### PROBLEM STATEMENT
The result should be an exact copy of the lines from the one with "this 600×400 image." through the last line of the data below, both included.
### EXERCISE MATERIALS ###
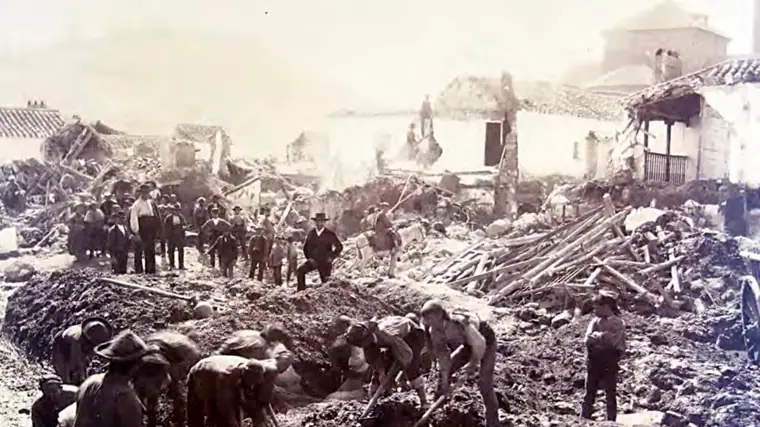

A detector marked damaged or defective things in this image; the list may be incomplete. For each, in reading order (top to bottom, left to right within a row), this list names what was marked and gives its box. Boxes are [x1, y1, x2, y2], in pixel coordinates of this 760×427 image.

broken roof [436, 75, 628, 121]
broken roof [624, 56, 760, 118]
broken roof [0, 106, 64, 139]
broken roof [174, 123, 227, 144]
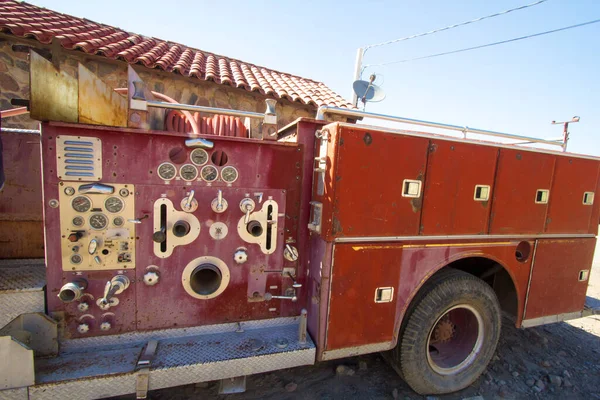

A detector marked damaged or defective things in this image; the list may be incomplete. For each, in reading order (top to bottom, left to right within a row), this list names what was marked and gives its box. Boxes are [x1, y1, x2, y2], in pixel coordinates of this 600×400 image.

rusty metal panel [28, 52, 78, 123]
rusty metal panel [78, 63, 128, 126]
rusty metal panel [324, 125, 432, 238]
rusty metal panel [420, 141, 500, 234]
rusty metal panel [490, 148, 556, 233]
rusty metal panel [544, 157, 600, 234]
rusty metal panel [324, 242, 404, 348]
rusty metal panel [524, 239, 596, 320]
###
### EXERCISE SOLUTION
A detector marked damaged or defective things in this image; the list may be incomplete. For each, in reading order (top to bottom, left to right within a row), this list names what was marked and gives its box. Boxes are [x1, y1, x2, y2], in pixel coordinates of this 600×400 image.

rusty metal panel [28, 52, 78, 123]
rusty metal panel [78, 63, 128, 126]
rusty metal panel [324, 125, 432, 238]
rusty metal panel [420, 141, 500, 234]
rusty metal panel [490, 148, 556, 233]
rusty metal panel [544, 157, 600, 234]
rusty metal panel [324, 242, 404, 348]
rusty metal panel [524, 239, 596, 320]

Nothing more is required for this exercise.